Hanya pada satu perkara saja dikecualiakan yaitu kaum wanita yang tidak mengindahkan hak-hak suaminya dan tidak menyediakan persiapan-persiapan lainnya dalam mengarahkan bahtera rumah tangga ke arah yang diidamkan. Sikap nusyuz kaum wanita dan izin untuk menghajar model wanita seperti ini disebutkan pada ayat 34 surah al-Nisa.[i]

Pada permulaan ayat ini dijelaskan sifat-sifat wanita terhormat dan taat. Kemudian Allah Swt menjelaskan tugas-tugas suami yang ada kemungkinannya melalukan perbuatan yang tidak terhormat (nusyuz). Tingkatan pertama adalah memberikan wejangan dan nasihat terhadap model wanita seperti ini. Tingkatan kedua menjauh dari pembaringan mereka yang sedikit lebih keras dibandingkan dengan tingkatan pertama dan kemudian tingkatan ketiga mengemuka masalah memukul dan menghajar wanita yang bersikap seperti ini. Terkait dengan persoalan ini kita harus memperhatikan beberapa poin berikut ini:

1.     Tingkatan ini merupakan tingkatan terakhir dan suatu hal yang wajar apabila tingkatan pertama dapat menyelesaikan persoalan maka giliran tingkatan berikutnya tidak akan kesampaian.

2.     Hukuman fisik; sesuai dengan kitab-kitab fikih, harus enteng dan ringan serta tidak menyebabkan cedera dan luka fisik.

3.     Hukuman fisik; juga memiliki tingkatan tersendiri dan bahkan pada riwayat disebutkan memukul dengan menggunakan kayu miswak. Karena itu apabila tingkatan-tingkatan pendahuluan dapat menyelesaikan persoalan maka tingkatan berikutnya tidak boleh dilakukan.

4.     Masalah ini tidak terkhusus pada wanita saja dan pada masalah nusyuz kaum pria, hakim syar'i berkewajiban memperkenalkan tugas-tugas kaum pria  melalui ragam jalan dan bahkan melalui jalan cambuk (cemeti, hukuman fisik).

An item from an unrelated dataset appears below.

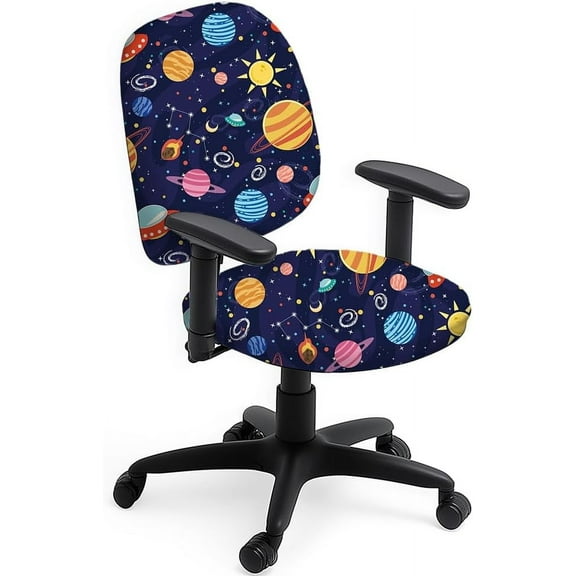 Computer Office Chair Covers Outer Space Planet Print Chair Covers 2pcs Rotating Swivel Chair Slipcover Protector Stretchable Anti-Dust Chair Protective Slipcover for Women Men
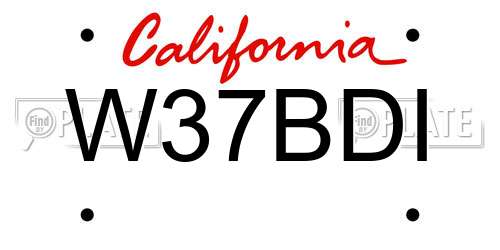 W37BDI California License Plate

[i]. "Kaum laki-laki itu adalah pengayom bagi kaum wanita, oleh karena Allah telah melebihkan sebagian mereka (laki-laki) atas sebagian yang lain (wanita), dan karena mereka (laki-laki) telah menafkahkan sebagian dari harta mereka. Sebab itu, maka wanita yang saleh ialah yang taat kepada Allah lagi memelihara rahasia dan hak-hak suami ketika suaminya tidak ada, lantaran hak-hak yang telah Allah tetapkan bagi mereka. Wanita-wanita yang kamu khawatirkan nusyuz-nya, maka nasihatilah mereka, berpisahlah dengan mereka di tempat tidur, dan pukullah mereka. Kemudian jika mereka menaatimu, maka janganlah kamu mencari-cari jalan untuk menyusahkannya. Sesungguhnya Allah Maha Tinggi lagi Maha Besar."

Jawaban Detil

Sebelum menguraikan pandangan para mufassir bertalian dengan redaksi ayat "wadhribuhunna" (Dan pukullah mereka [wanita]) pada ayat nusyuz kiranya kita perlu menyinggung kedudukan dan nilai seorang wanita dalam pandangan Islam. Dalam ajaran Islam kedudukan dan nilai kaum wanita dan istri sangat tinggi dan bernilai. Sebagaimana hal ini disebutkan dalam sebagian riwayat yang memuji kedudukan mereka. Imam Ja'far Shadiq bersabda, "Kebaikan yang melimpah telah diletakkan pada wujud kaum wanita."[1] Pemimpin dan Imam Keenam Syiah mengklasifikasi wanita menjadi wanita baik (shâleh) dan wanita buruk (thâleh). Terkait dengan wanita yang baik, Imam Shadiq bersabda: "Nilai wanita semacam ini lebih tinggi dari emas, perak dan permata yang lain. Dan tiada satu pun permata yang berharga di hadapan nilai wanita (shaleh)."[2] Demikian juga Rasulullah Saw bersabda, "Dunia ini sekedudukan sebagai harta dan sebaik-baik harta benda yang diperoleh adalah wanita yang baik budi pekertinya."[3]  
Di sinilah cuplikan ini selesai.